Halfway Brook Village in Lumberland hosted quite a number of teachers in the 1860s–1870s, as Libby Kyte mentioned. Edith Emogene or Emma Austin, as she was called, had attended school in New York City, and stayed with her Austin relatives. Emma seems to have also attended Monticello Academy, as Libby Kyte had done.
In early 1868 Emma, age sixteen, wrote to Abby Smith, in Glastonbury, Connecticut for advice on a place to teach. Abby and her four sisters (all well-educated) were second cousins to Emma’s mother, Mary Ann Austin. (In the 1870s Abby and her sister Julia wrote letters and spoke at suffrage meetings, advocating property and voting rights for women.)
January 31, 1868
Dear Cousin, I have just received your letter and to show how much interest I still take in your mother, I have seated myself, immediately to answer it.
You say you would like a situation to teach next summer; and I think it would be very improving for you. But we are now so advanced (ages eighty-one, seventy-six, and seventy-one), that we have not felt that interest in the schools that we used to years ago, and I should not know where to apply.
Had we descendants or near relatives, we should have retained it longer and known much more about them. As it is I am unacquainted with any of the instructors…Yours with much affection,
Abby H. Smith
—Abby, Laurilla, and Mary Ann, p. 194.
November 9, 1868, Monticello
I have just finished eating, so for the third time, I’ll try to write. I expect the school bell to ring any moment, but will write till it does ring. This is the third day I have passed at school.
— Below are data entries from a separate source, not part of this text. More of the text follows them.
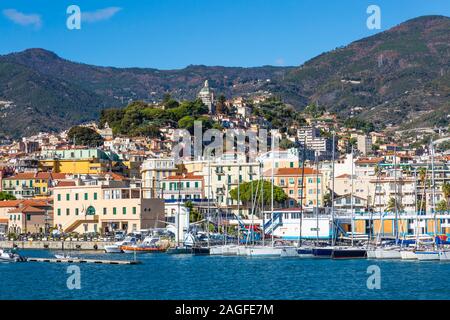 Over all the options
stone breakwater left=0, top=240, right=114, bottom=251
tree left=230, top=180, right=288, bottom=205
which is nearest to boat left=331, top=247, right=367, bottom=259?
stone breakwater left=0, top=240, right=114, bottom=251

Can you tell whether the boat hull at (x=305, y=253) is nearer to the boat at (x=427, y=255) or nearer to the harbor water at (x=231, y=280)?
the harbor water at (x=231, y=280)

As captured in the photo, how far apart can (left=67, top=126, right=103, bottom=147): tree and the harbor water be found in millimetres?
73240

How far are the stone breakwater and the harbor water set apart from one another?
1405 centimetres

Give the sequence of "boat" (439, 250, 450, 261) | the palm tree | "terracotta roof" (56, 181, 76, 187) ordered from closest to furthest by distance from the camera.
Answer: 1. "boat" (439, 250, 450, 261)
2. "terracotta roof" (56, 181, 76, 187)
3. the palm tree

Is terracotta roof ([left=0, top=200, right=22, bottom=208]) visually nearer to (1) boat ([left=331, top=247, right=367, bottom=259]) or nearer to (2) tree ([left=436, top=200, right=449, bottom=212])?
(2) tree ([left=436, top=200, right=449, bottom=212])

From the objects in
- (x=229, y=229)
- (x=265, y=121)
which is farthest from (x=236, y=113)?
(x=229, y=229)

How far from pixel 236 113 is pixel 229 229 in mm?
76971

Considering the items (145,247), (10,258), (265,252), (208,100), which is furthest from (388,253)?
(208,100)

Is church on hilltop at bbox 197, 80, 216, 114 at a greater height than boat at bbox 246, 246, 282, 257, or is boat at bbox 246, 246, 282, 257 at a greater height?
church on hilltop at bbox 197, 80, 216, 114

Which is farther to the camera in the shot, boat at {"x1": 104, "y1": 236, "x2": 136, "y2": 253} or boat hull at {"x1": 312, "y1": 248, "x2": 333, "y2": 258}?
boat at {"x1": 104, "y1": 236, "x2": 136, "y2": 253}

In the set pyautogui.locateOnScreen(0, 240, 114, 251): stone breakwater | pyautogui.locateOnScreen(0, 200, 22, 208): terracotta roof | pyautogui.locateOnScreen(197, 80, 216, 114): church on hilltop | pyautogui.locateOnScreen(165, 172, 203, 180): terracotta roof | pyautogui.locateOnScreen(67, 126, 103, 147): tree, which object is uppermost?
pyautogui.locateOnScreen(197, 80, 216, 114): church on hilltop

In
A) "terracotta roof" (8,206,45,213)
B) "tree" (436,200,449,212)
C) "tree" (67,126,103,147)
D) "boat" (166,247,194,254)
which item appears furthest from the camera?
"tree" (67,126,103,147)

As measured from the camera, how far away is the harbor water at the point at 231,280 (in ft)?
130

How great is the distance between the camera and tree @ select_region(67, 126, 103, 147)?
13150 centimetres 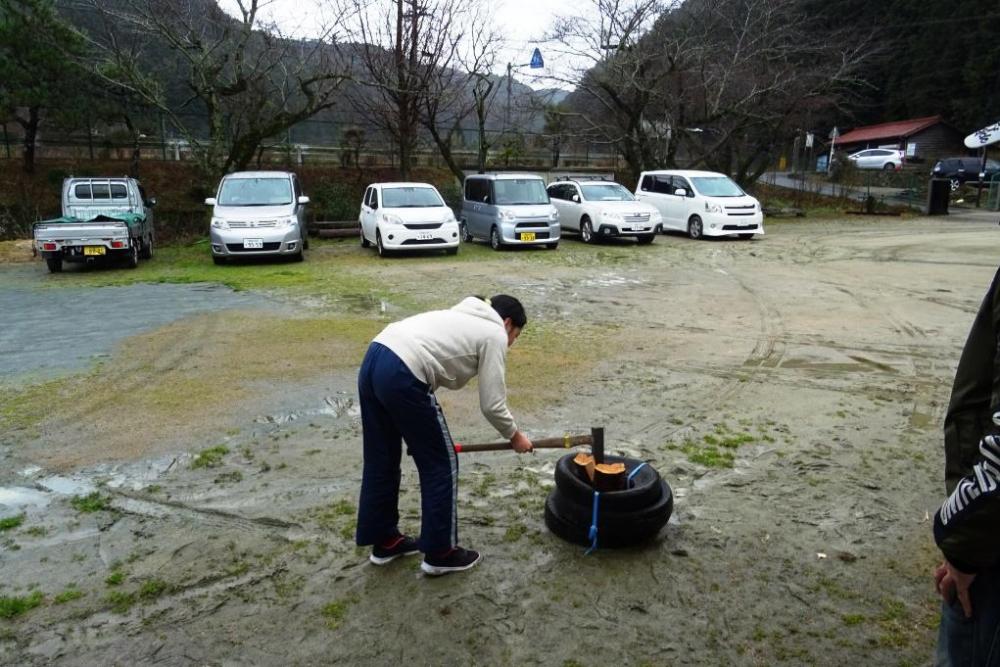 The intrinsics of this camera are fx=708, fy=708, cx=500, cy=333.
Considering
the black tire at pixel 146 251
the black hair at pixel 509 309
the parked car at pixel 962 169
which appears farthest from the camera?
the parked car at pixel 962 169

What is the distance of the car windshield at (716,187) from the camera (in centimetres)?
1764

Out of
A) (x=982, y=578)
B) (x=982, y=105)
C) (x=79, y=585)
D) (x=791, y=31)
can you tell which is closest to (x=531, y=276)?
(x=79, y=585)

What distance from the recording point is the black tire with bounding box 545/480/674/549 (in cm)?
338

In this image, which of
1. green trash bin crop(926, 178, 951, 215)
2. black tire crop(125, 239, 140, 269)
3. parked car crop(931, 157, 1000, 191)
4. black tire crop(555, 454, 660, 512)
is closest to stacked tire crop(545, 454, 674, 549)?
black tire crop(555, 454, 660, 512)

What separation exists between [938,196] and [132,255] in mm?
24754

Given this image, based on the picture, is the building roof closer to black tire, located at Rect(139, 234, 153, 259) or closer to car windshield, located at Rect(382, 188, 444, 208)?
Answer: car windshield, located at Rect(382, 188, 444, 208)

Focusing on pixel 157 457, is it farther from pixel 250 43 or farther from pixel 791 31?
pixel 791 31

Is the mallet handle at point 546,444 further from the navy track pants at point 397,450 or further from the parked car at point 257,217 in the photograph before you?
the parked car at point 257,217

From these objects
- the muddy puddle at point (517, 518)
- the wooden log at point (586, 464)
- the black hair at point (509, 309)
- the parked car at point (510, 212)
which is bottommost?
the muddy puddle at point (517, 518)

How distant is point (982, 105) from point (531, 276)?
38298mm

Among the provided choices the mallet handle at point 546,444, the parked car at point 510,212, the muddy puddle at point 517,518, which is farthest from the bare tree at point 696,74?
the mallet handle at point 546,444

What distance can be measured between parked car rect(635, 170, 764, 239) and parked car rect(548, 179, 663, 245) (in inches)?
58.1

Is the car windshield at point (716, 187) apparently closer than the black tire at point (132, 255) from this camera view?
No

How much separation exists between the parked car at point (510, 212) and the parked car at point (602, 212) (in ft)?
3.79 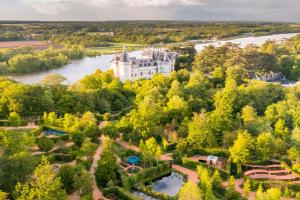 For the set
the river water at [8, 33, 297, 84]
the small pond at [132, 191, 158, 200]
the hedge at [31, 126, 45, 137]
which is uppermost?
the river water at [8, 33, 297, 84]

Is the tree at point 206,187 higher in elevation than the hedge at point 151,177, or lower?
higher

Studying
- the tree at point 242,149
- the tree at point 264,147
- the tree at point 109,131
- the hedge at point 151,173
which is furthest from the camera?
the tree at point 109,131

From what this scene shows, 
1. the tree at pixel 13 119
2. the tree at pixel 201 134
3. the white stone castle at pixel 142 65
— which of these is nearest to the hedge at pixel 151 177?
the tree at pixel 201 134

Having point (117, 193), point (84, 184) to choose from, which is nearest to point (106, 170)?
point (117, 193)

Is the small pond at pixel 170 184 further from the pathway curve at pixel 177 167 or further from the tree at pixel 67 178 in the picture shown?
the tree at pixel 67 178

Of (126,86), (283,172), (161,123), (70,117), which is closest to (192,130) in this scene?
(161,123)

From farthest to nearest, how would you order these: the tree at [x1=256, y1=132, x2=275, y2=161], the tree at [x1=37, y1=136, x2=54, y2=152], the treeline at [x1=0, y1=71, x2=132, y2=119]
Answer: the treeline at [x1=0, y1=71, x2=132, y2=119] → the tree at [x1=256, y1=132, x2=275, y2=161] → the tree at [x1=37, y1=136, x2=54, y2=152]

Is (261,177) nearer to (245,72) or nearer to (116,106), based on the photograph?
(116,106)

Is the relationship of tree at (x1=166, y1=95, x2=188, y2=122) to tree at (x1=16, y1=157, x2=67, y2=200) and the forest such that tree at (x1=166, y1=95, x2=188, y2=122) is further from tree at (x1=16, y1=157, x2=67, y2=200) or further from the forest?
tree at (x1=16, y1=157, x2=67, y2=200)

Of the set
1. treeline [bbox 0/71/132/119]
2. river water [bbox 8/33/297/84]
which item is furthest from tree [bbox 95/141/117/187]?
river water [bbox 8/33/297/84]
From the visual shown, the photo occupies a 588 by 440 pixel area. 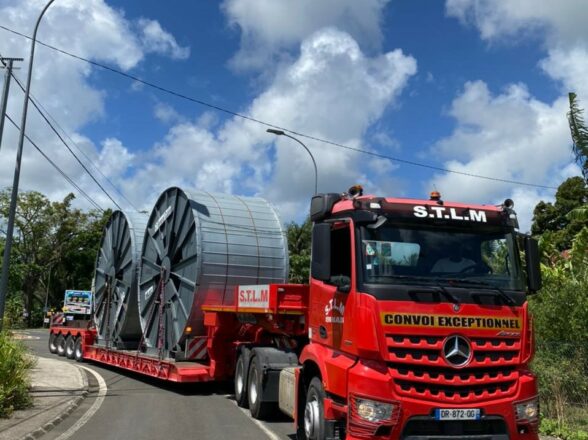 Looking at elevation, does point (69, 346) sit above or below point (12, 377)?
above

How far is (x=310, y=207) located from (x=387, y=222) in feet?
4.79

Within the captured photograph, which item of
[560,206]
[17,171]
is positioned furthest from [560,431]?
[560,206]

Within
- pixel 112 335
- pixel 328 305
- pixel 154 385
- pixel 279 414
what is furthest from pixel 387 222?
pixel 112 335

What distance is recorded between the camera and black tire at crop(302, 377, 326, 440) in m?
6.59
I enjoy it as well as can be expected. I have not got classed much, yet, but think after I get better classed and acquainted, I shall like it first rate. There are 14 boarders here now, all but 3 or 4 are scholars. There are but 2 lodge boarders besides us.
It is nearly 8 o’clock in the evening, so I will again endeavor to write. I have had more fun today than I have before since I have been here…
So good bye from your dear friend Alice. Don’t forget me.
—The Mill on Halfway Brook, p. 140.
1868 Halfway Brook Village, Lumberland
In the fall of 1868, Emma, now age seventeen, seems to have attended school in Lumberland. There was a new school teacher!